> **TASK**
Nothing but the lines below between the line holding "甘肃武威供电青年志愿者进校园：安全课堂学知识 红色故事润童心" and the line holding "Succulent garden in a pot", inclusive, should appear in the answer, each set down exactly.

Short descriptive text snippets
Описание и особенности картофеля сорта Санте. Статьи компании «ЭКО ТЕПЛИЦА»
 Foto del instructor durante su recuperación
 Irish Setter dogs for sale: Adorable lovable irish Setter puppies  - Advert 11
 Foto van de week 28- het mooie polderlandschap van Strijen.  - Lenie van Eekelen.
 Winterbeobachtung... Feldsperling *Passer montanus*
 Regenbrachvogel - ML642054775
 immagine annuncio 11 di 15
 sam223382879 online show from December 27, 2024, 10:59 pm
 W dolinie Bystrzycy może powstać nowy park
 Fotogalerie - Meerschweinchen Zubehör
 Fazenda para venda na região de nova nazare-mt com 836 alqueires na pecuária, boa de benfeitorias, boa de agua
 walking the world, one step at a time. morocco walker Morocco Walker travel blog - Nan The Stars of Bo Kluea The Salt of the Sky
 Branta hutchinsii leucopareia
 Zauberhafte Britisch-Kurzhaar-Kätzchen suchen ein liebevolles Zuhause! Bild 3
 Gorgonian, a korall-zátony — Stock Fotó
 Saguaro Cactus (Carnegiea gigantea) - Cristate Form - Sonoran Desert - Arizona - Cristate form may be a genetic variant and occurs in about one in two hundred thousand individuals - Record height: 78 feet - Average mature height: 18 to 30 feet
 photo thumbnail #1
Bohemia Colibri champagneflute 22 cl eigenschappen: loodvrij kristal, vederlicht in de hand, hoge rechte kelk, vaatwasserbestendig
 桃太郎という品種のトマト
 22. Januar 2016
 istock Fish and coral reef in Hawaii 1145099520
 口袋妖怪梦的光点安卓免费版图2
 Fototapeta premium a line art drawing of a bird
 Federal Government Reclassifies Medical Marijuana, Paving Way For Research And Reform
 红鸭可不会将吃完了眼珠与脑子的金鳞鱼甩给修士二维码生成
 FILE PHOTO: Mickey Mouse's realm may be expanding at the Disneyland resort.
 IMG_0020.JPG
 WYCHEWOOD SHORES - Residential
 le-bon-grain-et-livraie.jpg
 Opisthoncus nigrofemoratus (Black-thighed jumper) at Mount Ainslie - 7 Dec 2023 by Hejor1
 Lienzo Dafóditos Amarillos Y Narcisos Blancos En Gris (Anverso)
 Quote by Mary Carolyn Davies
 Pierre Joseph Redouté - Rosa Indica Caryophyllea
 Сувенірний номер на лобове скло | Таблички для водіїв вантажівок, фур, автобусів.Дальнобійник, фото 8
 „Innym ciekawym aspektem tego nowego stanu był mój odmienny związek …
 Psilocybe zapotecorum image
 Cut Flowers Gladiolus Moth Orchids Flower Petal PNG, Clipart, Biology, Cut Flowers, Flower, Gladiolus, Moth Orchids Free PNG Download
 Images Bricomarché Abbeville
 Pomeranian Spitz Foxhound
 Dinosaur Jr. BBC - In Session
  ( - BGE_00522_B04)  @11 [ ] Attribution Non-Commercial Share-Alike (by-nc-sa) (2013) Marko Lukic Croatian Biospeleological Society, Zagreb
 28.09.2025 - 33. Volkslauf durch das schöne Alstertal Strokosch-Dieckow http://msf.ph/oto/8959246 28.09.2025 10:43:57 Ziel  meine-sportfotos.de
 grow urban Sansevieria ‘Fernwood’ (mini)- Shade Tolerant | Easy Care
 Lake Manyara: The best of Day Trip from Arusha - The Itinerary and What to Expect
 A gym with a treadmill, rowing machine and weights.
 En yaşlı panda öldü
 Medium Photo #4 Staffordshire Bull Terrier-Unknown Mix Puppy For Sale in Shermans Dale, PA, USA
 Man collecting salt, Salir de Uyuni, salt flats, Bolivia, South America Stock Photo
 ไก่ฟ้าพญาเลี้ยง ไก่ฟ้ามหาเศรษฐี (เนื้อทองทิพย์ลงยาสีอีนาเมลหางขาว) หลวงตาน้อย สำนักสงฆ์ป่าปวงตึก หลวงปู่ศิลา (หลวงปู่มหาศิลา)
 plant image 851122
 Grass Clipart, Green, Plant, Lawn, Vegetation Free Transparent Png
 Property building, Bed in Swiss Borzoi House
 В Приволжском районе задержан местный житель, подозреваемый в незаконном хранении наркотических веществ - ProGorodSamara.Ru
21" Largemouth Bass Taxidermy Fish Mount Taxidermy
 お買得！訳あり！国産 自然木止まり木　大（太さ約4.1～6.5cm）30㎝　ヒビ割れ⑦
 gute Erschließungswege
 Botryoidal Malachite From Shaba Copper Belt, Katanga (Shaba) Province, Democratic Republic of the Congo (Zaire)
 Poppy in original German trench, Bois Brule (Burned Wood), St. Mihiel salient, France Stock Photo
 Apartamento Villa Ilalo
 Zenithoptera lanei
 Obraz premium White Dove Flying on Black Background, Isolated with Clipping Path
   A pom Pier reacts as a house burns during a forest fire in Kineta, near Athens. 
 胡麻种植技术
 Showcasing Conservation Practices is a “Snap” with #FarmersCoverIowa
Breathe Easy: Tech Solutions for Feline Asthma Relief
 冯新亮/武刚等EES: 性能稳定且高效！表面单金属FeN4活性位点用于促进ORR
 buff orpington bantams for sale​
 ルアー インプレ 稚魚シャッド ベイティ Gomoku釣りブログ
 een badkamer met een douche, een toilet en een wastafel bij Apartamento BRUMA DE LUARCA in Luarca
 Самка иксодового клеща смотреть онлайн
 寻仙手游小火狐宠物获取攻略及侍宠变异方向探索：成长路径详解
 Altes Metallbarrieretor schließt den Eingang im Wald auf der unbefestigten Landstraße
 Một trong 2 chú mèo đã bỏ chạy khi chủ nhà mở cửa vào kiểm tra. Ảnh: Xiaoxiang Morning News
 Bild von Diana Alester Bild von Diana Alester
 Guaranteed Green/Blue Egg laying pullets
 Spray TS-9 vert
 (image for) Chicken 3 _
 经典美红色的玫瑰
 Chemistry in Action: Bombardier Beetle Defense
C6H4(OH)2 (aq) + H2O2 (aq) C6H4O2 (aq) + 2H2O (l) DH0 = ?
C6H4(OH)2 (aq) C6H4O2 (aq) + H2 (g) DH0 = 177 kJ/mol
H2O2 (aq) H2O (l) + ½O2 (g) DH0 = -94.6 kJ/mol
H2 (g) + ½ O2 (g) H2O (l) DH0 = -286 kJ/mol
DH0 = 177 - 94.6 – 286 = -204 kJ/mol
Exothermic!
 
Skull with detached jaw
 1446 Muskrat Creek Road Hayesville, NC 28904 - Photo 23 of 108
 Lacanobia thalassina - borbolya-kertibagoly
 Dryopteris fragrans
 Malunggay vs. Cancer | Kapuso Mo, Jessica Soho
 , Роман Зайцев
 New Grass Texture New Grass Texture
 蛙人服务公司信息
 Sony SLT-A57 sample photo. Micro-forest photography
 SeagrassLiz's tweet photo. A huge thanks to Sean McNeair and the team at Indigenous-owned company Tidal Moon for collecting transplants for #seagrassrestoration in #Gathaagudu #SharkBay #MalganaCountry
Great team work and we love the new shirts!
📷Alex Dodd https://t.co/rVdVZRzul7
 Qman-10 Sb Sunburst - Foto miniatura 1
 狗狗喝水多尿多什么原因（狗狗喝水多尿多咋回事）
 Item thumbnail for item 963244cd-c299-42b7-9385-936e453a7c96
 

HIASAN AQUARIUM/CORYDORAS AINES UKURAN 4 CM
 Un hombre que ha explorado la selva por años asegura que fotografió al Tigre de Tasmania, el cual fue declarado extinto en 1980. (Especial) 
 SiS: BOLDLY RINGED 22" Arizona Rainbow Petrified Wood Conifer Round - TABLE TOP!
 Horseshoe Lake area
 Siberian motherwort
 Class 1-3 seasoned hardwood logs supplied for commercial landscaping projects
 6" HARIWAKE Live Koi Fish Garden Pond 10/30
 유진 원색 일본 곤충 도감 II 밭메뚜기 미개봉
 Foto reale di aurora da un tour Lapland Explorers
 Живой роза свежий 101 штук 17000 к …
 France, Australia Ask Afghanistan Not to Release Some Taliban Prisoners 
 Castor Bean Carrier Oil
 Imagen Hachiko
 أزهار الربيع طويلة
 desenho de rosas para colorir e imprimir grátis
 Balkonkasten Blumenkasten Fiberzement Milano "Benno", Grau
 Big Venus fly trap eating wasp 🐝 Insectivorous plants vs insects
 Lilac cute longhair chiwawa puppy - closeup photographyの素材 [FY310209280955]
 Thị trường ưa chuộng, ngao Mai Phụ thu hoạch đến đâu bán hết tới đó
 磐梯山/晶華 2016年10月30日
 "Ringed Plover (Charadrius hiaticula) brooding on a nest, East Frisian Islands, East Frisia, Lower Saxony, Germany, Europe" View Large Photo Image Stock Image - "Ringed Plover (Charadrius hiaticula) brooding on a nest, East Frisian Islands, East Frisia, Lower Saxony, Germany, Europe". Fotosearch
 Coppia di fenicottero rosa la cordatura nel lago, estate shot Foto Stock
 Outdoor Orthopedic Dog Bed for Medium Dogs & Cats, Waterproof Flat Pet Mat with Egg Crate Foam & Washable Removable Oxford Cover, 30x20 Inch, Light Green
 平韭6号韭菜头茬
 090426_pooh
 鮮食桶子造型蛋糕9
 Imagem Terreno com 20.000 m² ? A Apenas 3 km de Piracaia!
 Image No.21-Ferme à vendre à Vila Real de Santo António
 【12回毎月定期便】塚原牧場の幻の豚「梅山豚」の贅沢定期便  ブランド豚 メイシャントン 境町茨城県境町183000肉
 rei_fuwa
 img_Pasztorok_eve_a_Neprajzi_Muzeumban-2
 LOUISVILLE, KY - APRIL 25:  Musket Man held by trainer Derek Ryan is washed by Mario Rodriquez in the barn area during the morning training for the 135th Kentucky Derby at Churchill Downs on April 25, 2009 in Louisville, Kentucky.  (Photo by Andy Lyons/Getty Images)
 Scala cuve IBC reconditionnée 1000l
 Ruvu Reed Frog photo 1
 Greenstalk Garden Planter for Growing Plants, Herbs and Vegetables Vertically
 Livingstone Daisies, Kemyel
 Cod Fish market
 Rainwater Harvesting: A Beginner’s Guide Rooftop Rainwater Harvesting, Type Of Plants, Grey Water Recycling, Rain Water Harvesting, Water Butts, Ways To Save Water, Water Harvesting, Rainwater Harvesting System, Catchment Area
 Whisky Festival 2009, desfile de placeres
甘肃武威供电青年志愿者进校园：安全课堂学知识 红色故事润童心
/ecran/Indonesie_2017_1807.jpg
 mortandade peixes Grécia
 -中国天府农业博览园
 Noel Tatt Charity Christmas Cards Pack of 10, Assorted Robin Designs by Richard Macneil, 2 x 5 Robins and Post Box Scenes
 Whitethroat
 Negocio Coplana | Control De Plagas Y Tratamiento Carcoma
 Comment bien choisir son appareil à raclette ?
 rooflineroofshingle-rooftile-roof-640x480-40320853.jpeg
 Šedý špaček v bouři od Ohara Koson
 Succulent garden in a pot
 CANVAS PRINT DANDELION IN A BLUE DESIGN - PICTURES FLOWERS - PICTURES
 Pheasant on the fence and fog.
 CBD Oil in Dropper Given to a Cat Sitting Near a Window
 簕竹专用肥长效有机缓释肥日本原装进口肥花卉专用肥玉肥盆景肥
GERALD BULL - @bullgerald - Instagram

> **RESULT**
甘肃武威供电青年志愿者进校园：安全课堂学知识 红色故事润童心
/ecran/Indonesie_2017_1807.jpg
 mortandade peixes Grécia
 -中国天府农业博览园
 Noel Tatt Charity Christmas Cards Pack of 10, Assorted Robin Designs by Richard Macneil, 2 x 5 Robins and Post Box Scenes
 Whitethroat
 Negocio Coplana | Control De Plagas Y Tratamiento Carcoma
 Comment bien choisir son appareil à raclette ?
 rooflineroofshingle-rooftile-roof-640x480-40320853.jpeg
 Šedý špaček v bouři od Ohara Koson
 Succulent garden in a pot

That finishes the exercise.